- _Source material_:
-------
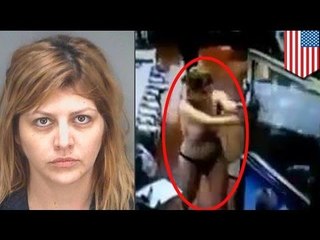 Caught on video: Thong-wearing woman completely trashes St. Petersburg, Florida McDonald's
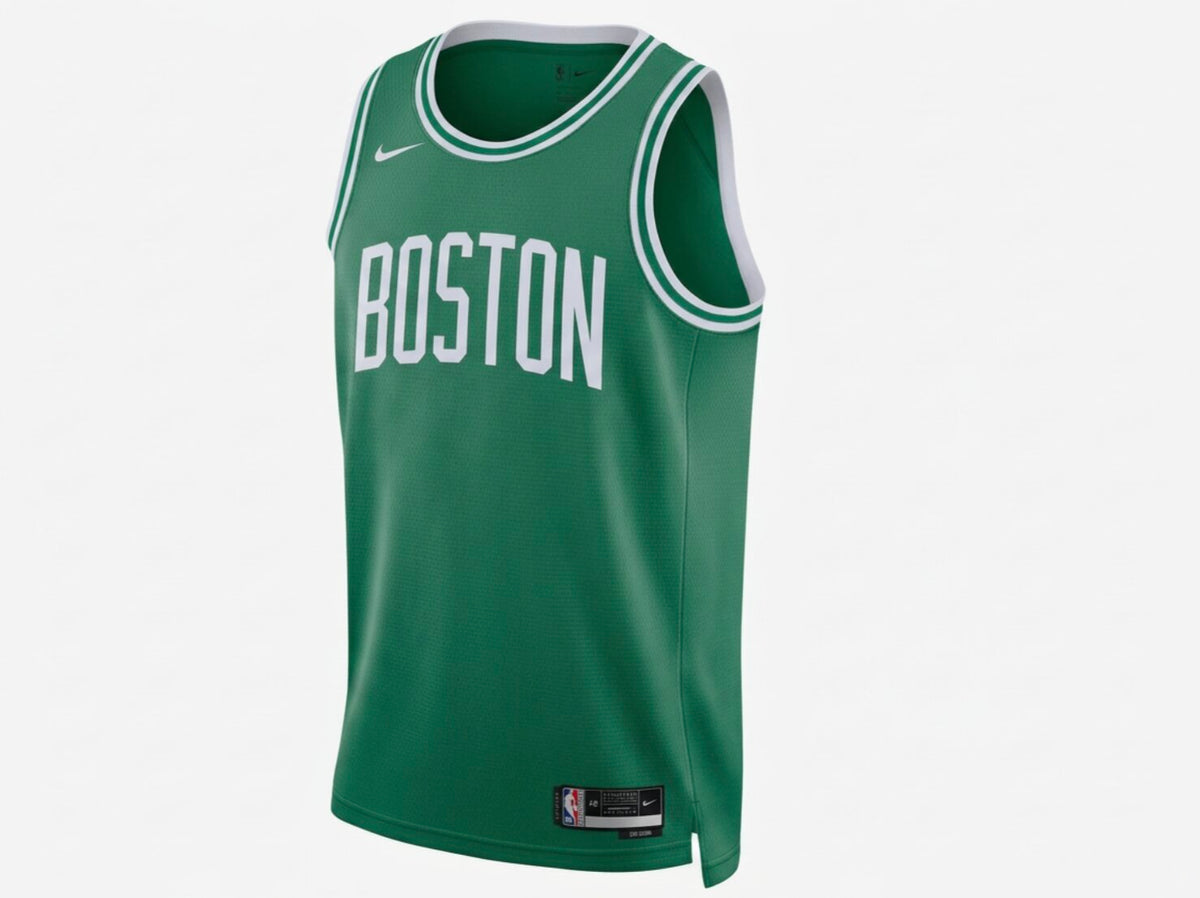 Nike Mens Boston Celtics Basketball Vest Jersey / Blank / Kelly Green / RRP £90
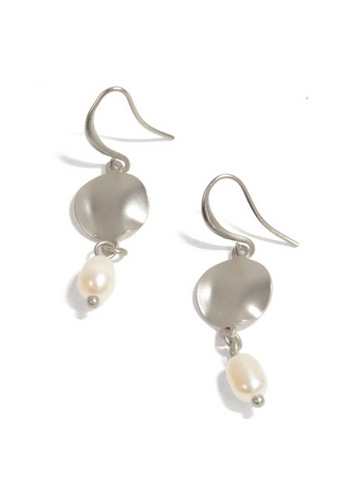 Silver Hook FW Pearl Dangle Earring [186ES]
-------
- _Directions_:
Reproduce the material above in full, images excluded.

- _Response below_:
 Caught on video: Thong-wearing woman completely trashes St. Petersburg, Florida McDonald's
 Nike Mens Boston Celtics Basketball Vest Jersey / Blank / Kelly Green / RRP £90
 Silver Hook FW Pearl Dangle Earring [186ES]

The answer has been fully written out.